**Problem requirements:** From the line containing "Clindamycin Phosphate EP Impurity H" to the line containing "House in Chicago, Illinois, United" in the records below, set down every line exactly as it stands, both ends included, and skip the pictures.

**Supplied material:**
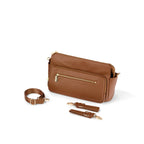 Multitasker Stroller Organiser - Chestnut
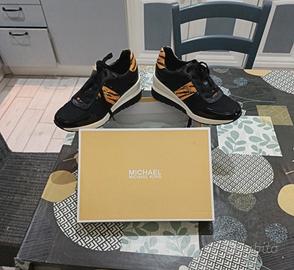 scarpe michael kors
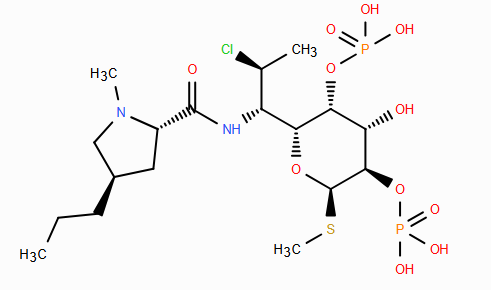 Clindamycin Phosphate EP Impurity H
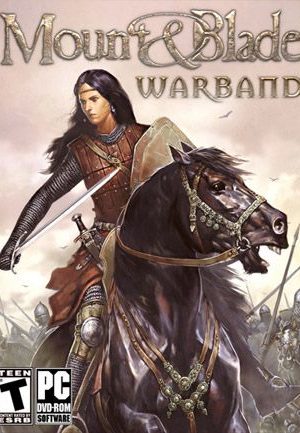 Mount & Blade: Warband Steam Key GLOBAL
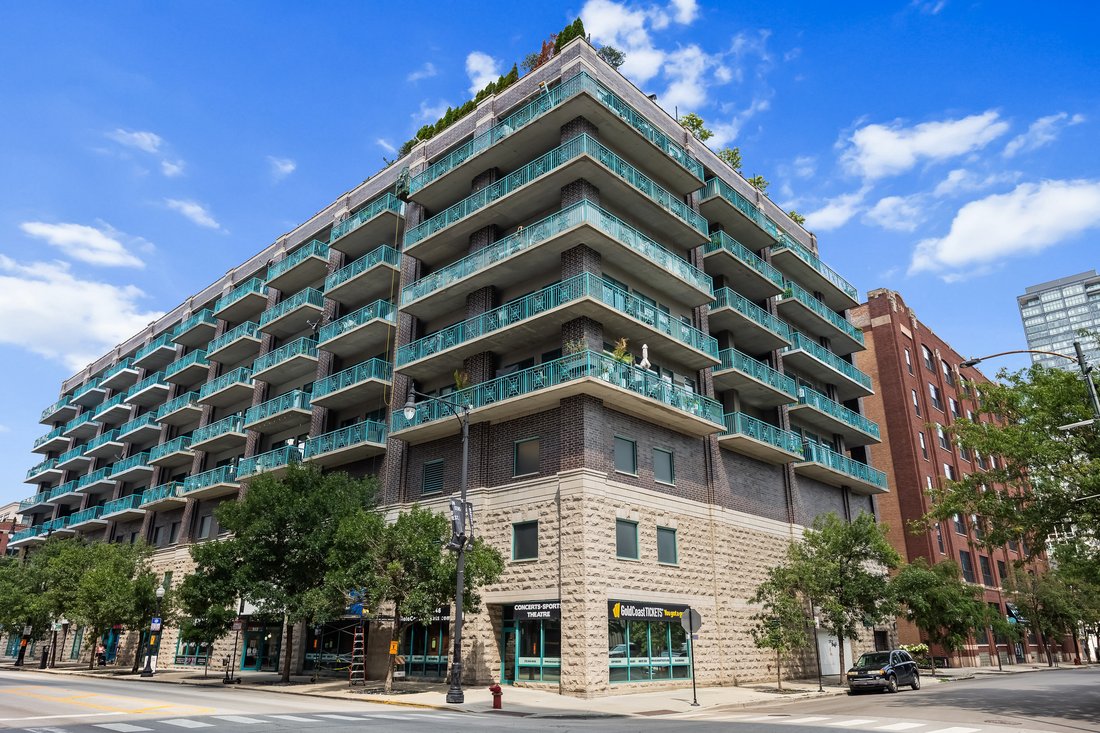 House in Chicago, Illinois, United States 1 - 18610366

...

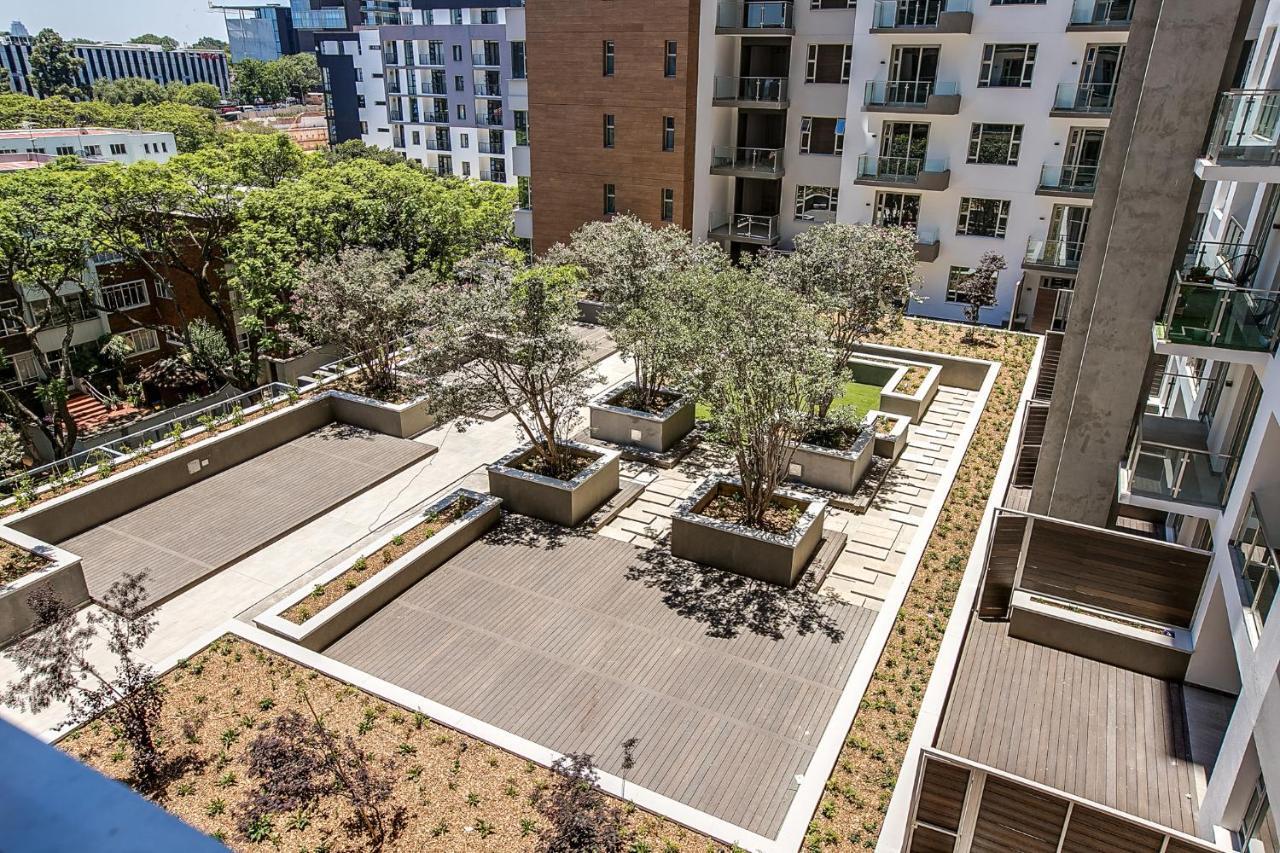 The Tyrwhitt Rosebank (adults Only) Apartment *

* * *

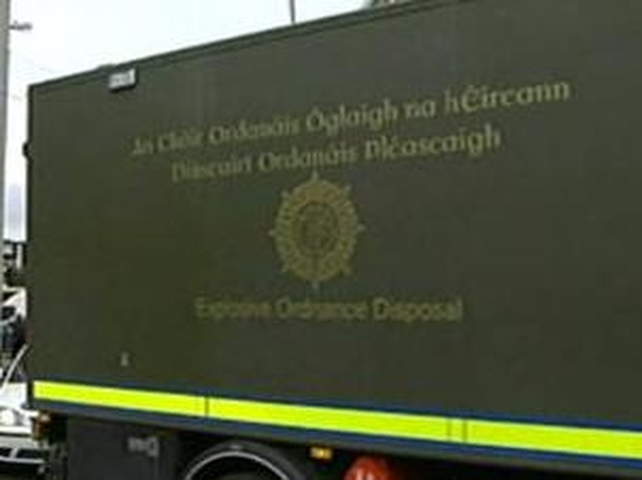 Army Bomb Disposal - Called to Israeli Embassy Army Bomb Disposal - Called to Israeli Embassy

**Problem solution:**
 Clindamycin Phosphate EP Impurity H
 Mount & Blade: Warband Steam Key GLOBAL
 House in Chicago, Illinois, United States 1 - 18610366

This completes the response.